I am not so sure. The expectation to be able to directly use foreign values as if they were "natively implemented" host language objects is a very unique JavaScriptism. I doubt that anything like that will be done in any other embedding. It's not how embedded VMs or data representations usually work. You normally have an API or wrapper objects for accessing embedded values.

@jakobkummerow
Copy link
Contributor

I share the concern about internal shape descriptors flowing out to JS as first-class values; I don't think we would want that (mostly for code robustness reasons). I think our implementation will use an indirection there: Wasm struct points to internal shape descriptor, internal shape descriptor points to Wasm-level "custom descriptor". That way the custom descriptor can flow out to JS without the internal shape descriptor ever floating around userspace code as a first-class value. To make the custom descriptor be the thing that's passed to struct.new etc, it'll also have to have a pointer back to the internal shape descriptor it's associated with.

I strongly share the concern that replacing a prototype after any object using that descriptor has already been exposed to user code (e.g. via the "start" function) is a no-go: we'd have to allocate a fresh internal shape descriptor for the new prototype, and updating all pointers to that would be somewhere between "a big mess" and "infeasible". (Having the prototype itself be mutable is fine, it just needs to preserve its object identity.)

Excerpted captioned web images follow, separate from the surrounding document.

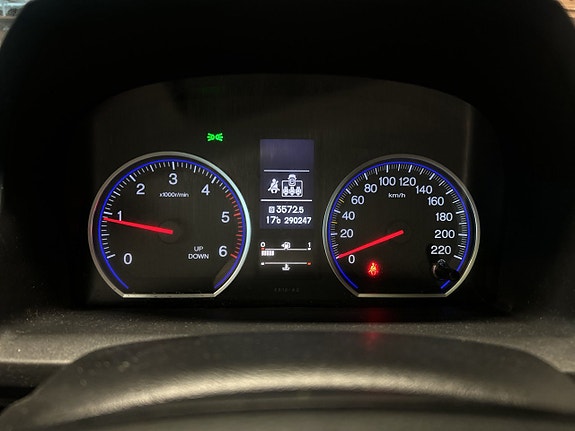 Honda CR-V 18 of 21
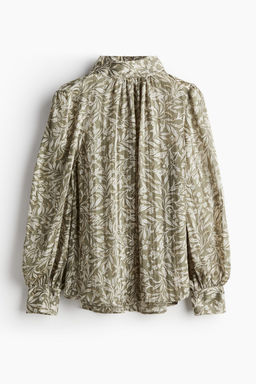 Blusa estampada - H&m фото 6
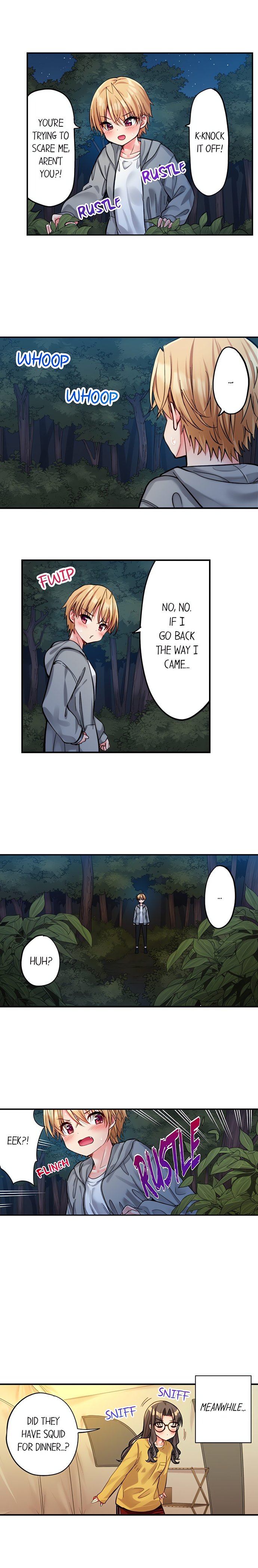 Harem Camp! - Chapter 109 [photo 9] - MangaPorn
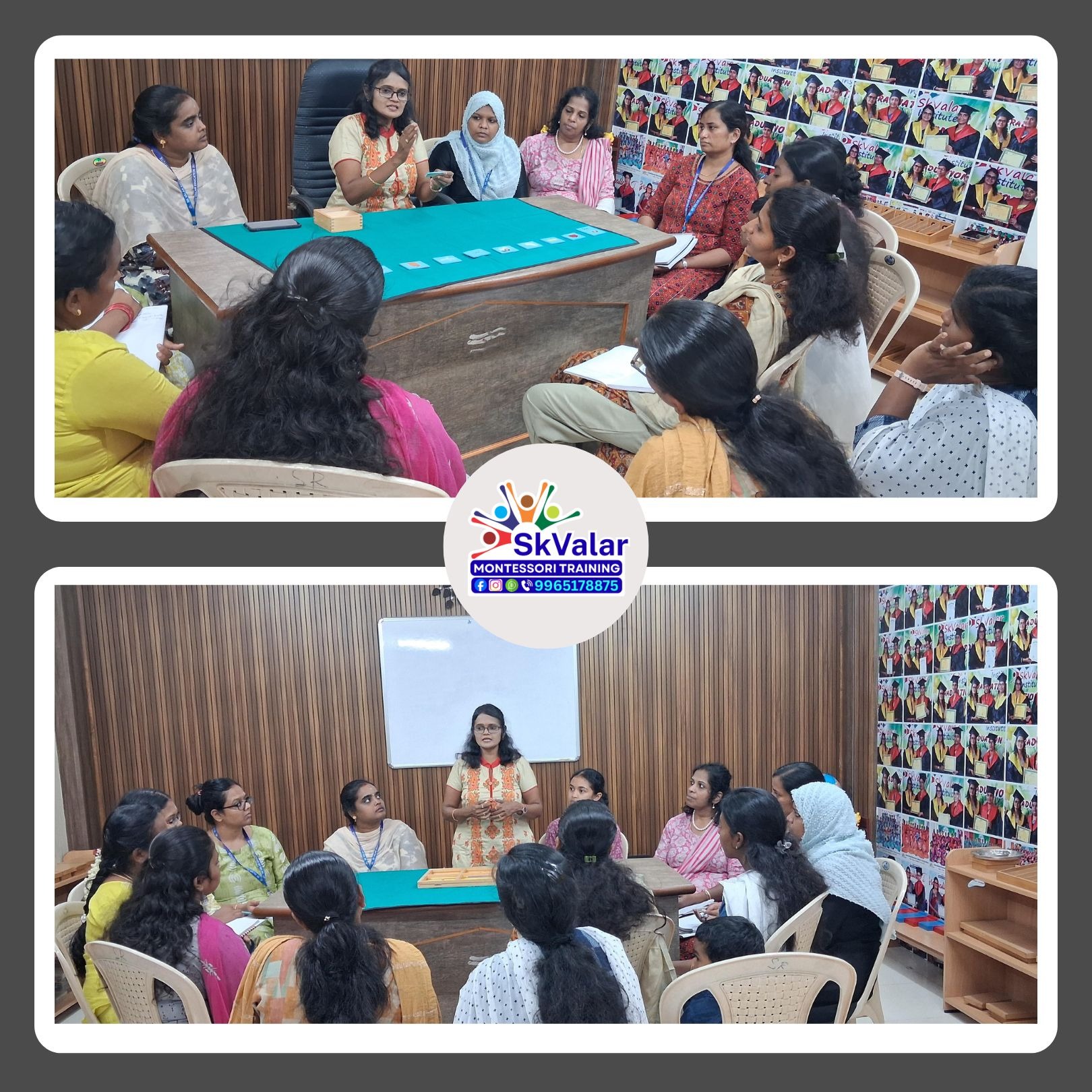 We Provide National and International Diploma Courses.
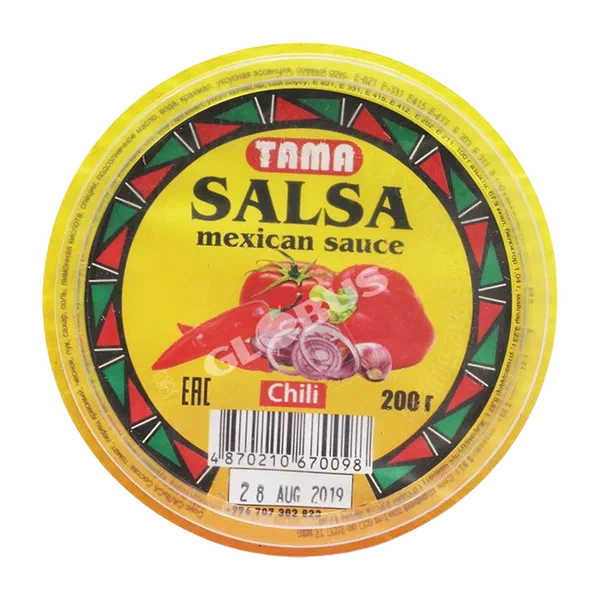 Соус Тама Salsa chili 200г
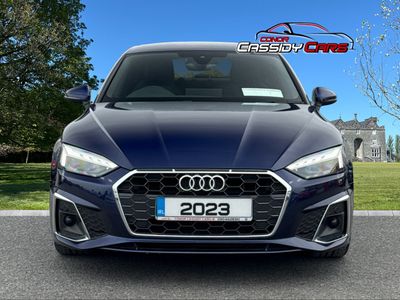 2023 Audi A5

For scaling reasons (many shapes with many methods installed on prototypes) I believe that we'll really want a declarative way to specify them, which AFAICS will mean some kind of section (because that's the declarative mechanism that Wasm has). So I think we should be spending our brainstorming time on coming up with a kind of section (core Wasm? traditional "custom section"? something new in between? something... else?) that we can agree on for this purpose.
Just so it doesn't get lost in the discussion, I'd like to highlight that besides specifying which JS object should be the prototype for which Wasm RTT, there will be two additional things that will likely be even more performance sensitive, and hence even more reason to want a declarative approach:

  • specifying the prototype relations between these prototypes (so that a Java/Kotlin/... class hierarchy is properly reflected in the JS-side prototypes)
  • specifying which Wasm function (from the same module) is installed under which name as a method on one of these prototypes. I don't have hard numbers, but as a rough guess, I wouldn't be surprised if we had on average ten or so methods per prototype, so setting these up will be an order of magnitude more impactful for performance than configuring the object identity for the prototypes.

@tlively
Copy link
Member Author

tlively commented Feb 28, 2025

I consider these to be the requirements constraining the solution space here:

  • Immutable Prototype Identity
  • Custom Descriptors Available in Constant Expressions
  • Maintain Core Wasm Abstractions
  • No Additions to Core Wasm (that are not independently useful)
  • No Slowdown for Unrelated Code
  • Admits a Declarative API

These requirements imply that if a solution sets up an association between a custom descriptor and a particular prototype object, the information about that association must be encapsulated in an imported value passed to the allocation of the custom RTT. More details about these requirements and their implications is included in the spoiler at the bottom of this post.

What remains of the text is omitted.